Elektryczna Škoda Enyaq zadebiutuje 1 września. Przejedzie nawet 500 km na jednym ładowaniu
Škoda podgrzewa atmosferę przed debiutem elektrycznego SUV-a Enyaq. Wiemy już, że auto zadebiutuje 1 września. Jeśli wierzyć zapowiedziom, ma być przestronnne jak Kodiaq i przejeżdżać nawet 500 km na jednym ładowaniu.
12.08.2020 | aktual.: 13.03.2023 13:02
Zalogowani mogą więcej
Możesz zapisać ten artykuł na później. Znajdziesz go potem na swoim koncie użytkownika
Najpierw zobaczyliśmy zdjęcia zakamuflowanych egzemplarzy testowych, potem wizualizacje wnętrza. Teraz dołączają do nich grafiki prezentujące nadwozie. Z grubsza oczywiście. W realnym wydaniu powinniśmy spodziewać się bowiem mniej dynamicznych proporcji.
Szef stylistów marki, Karl Neuhold, przyznaje jednak, że auto będzie wyglądać inaczej niż spalinowe SUV-y. Krótsze niż w Kodiaqu czy Karoqu nadwozie ma charakteryzować się wyżej poprowadzoną linią okien i masywniejszymi nadkolami.
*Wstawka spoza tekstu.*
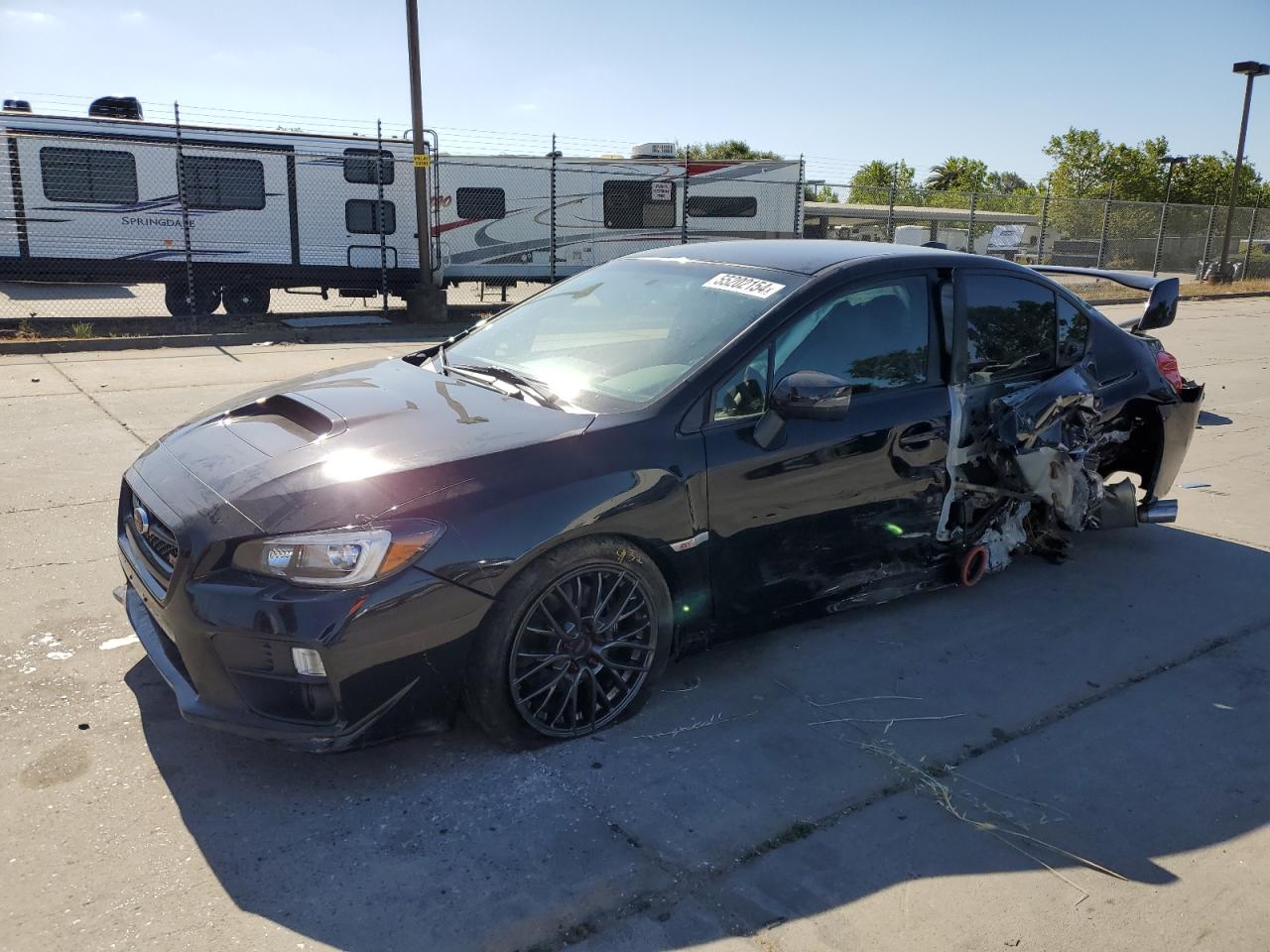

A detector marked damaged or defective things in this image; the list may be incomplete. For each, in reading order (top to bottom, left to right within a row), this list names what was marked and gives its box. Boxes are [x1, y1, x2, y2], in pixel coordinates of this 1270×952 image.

cracked concrete [2, 302, 1270, 952]
damaged black car [116, 242, 1199, 751]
Jak przystało na auto elektryczne, dopracowano tu też kwestie aerodynamiki, dzięki czemu współczynnik oporu powietrza wynosi w w tym przypadku zaledwie 0,27. Warto wspomnieć, że Enyaq wykorzystuje tę samą płytę co Volkswagen ID.3. Należy więc spodziewać się kompaktowych wymiarów, choć z komunikatów producenta wynika, że kabina nie będzie ciaśniejsza niż w Kodiaqu.
Wszystko to przy zachowaniu sporego bagażnika, który zmieści 585 litrów ładunku. Czesi obiecują też płaską podłogę i nisko położony środek ciężkości za sprawą umieszczonych w podłodze akumulatorów. Zasięg Enyaqa mierzony w cyklu WLTP będzie wynosił do 500 km, choć trzeba pamiętać, że jest to wartość zarezerwowana dla odmiany iV 80 z ogniwem o pojemności 82 kWh. Bazowy wariant ma przejeżdżać 390 km na jednym ładowaniu.
Zapowiedzi brzmią obiecująco. O tym, czy mają swoje odzwierciedlenie w praktyce, przekonamy się już w najbliższych miesiącach. Oficjalna premiera odbędzie się 1 września. Wówczas powinniśmy poznać więcej szczegółów dotyczących elektrycznej škody.